* _TASK DIRECTIONS_
Return the lines of the data below, from the one containing "300 Billion CFU" through the very last, exactly and with both ends included; no pictures.

[Image-text web data]

* * * * * * * * *

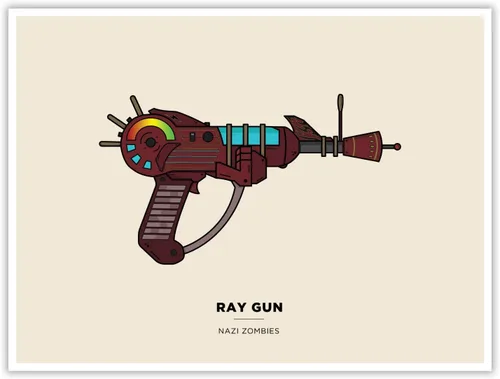 Vista 5 de Póster de ilustración Ray Gun, sin marco, papel fotográfico de alta calidad, decoración perfecta para jugadores (12 x 16 pulgadas)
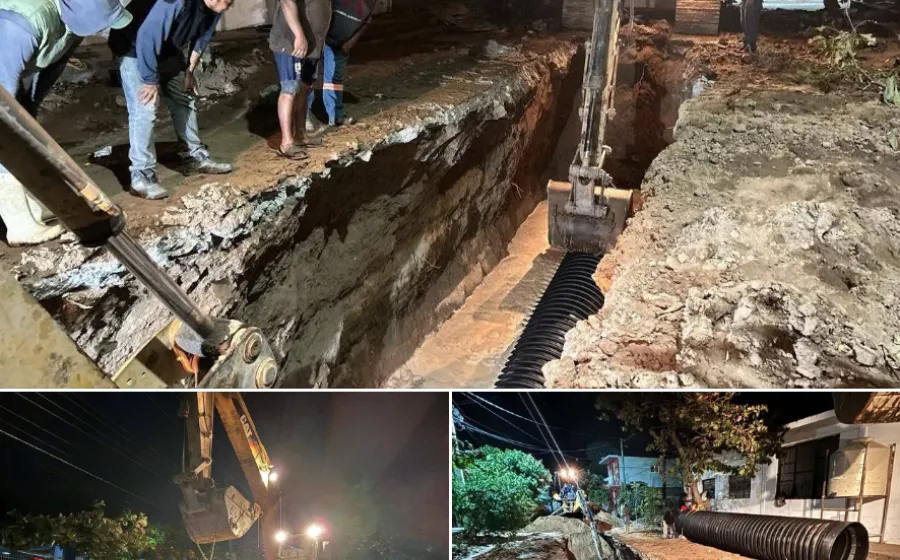 Gobierno juchiteco refuerza atención al drenaje en la 8va. Sección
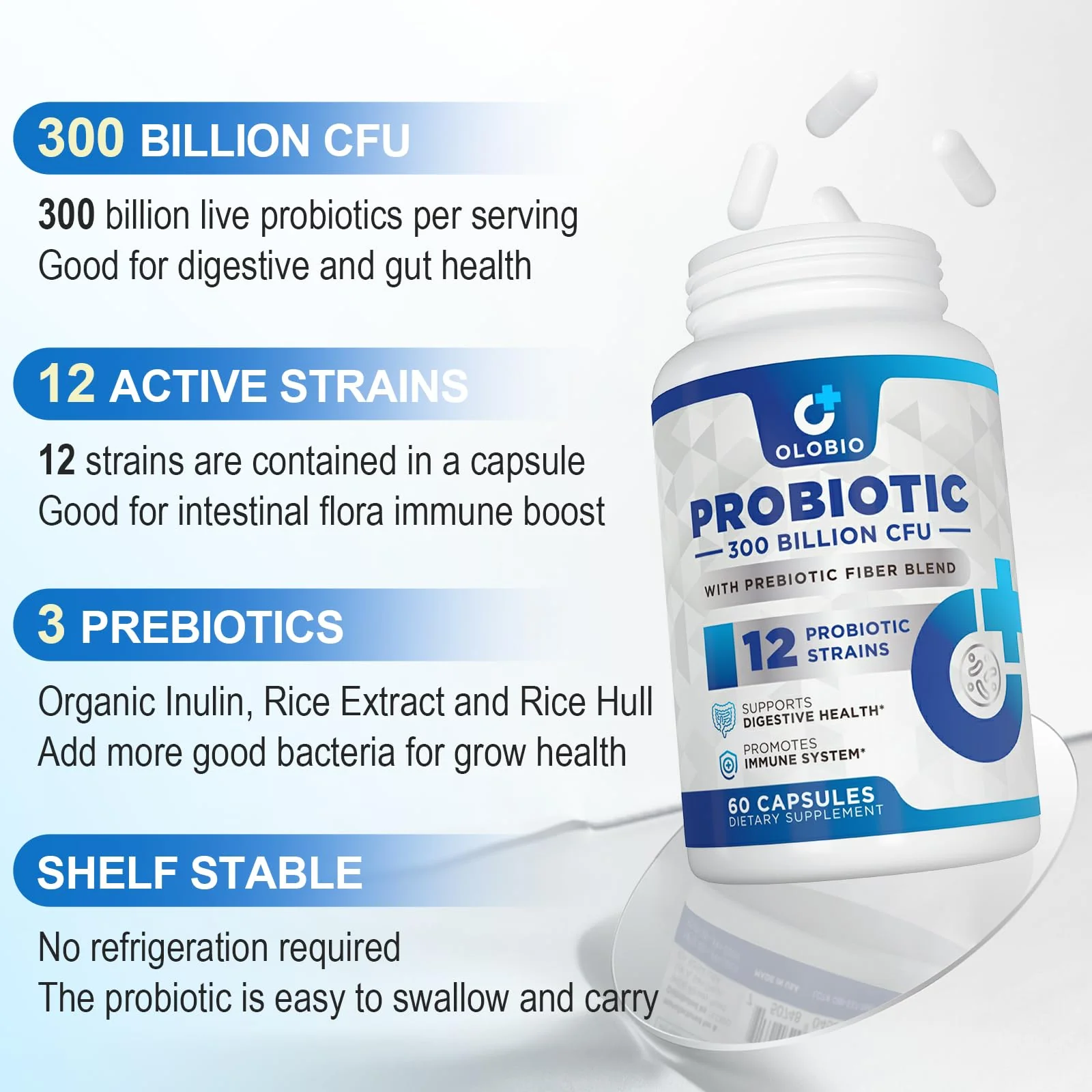 300 Billion CFU Probiotic with 12 Strains & 3 Organic Prebiotics – Daily Digestive & Immune Support, Vegan, Shelf-Stable, 120 Count - Image 3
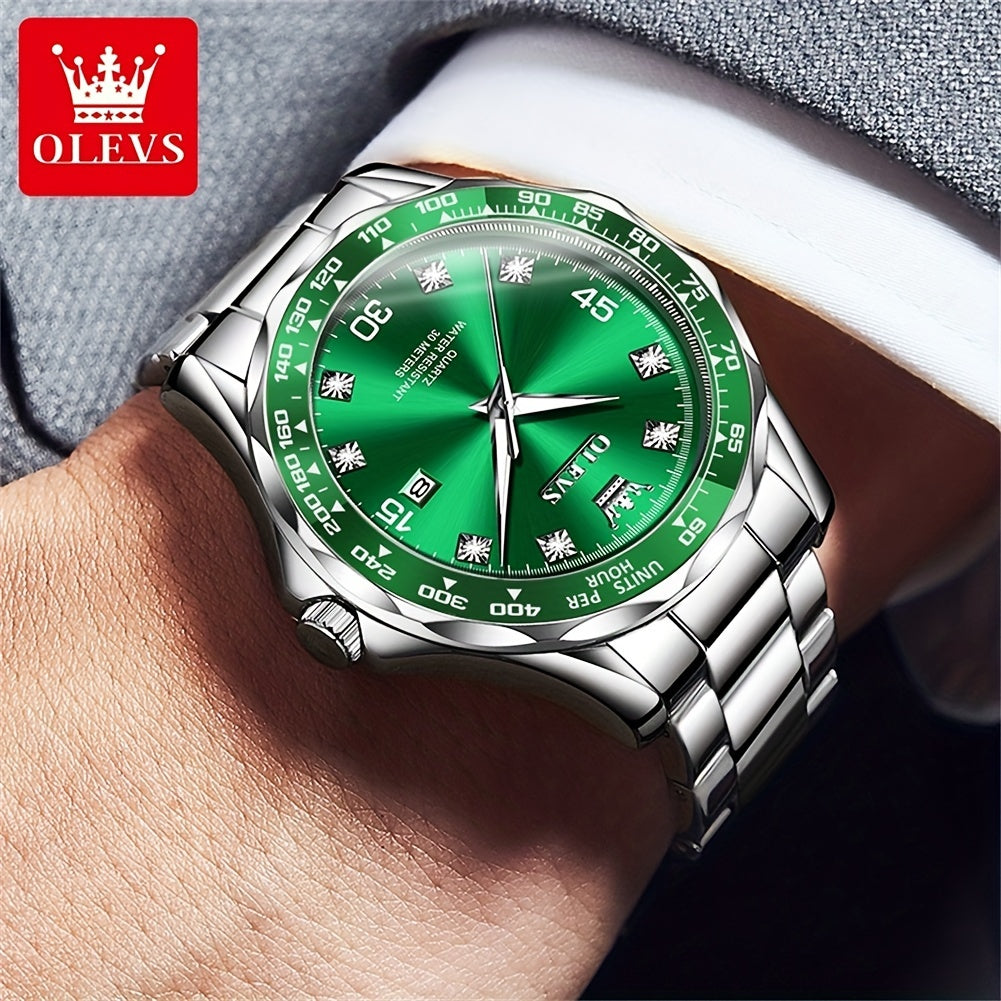 OLEVS Watches for Men Elegant Dress Diamond Analog Quartz Watch Two Tone Stainless Steel Waterproof Luminous Mens Watch Reloj para Hombre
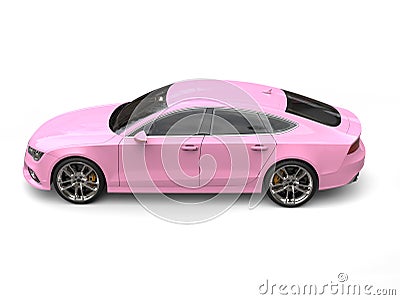 Candy pink modern business car - high angle side view Stock Photo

* * * * * * * * *

* _WRITTEN SOLUTION_
 300 Billion CFU Probiotic with 12 Strains & 3 Organic Prebiotics – Daily Digestive & Immune Support, Vegan, Shelf-Stable, 120 Count - Image 3
 OLEVS Watches for Men Elegant Dress Diamond Analog Quartz Watch Two Tone Stainless Steel Waterproof Luminous Mens Watch Reloj para Hombre
 Candy pink modern business car - high angle side view Stock Photo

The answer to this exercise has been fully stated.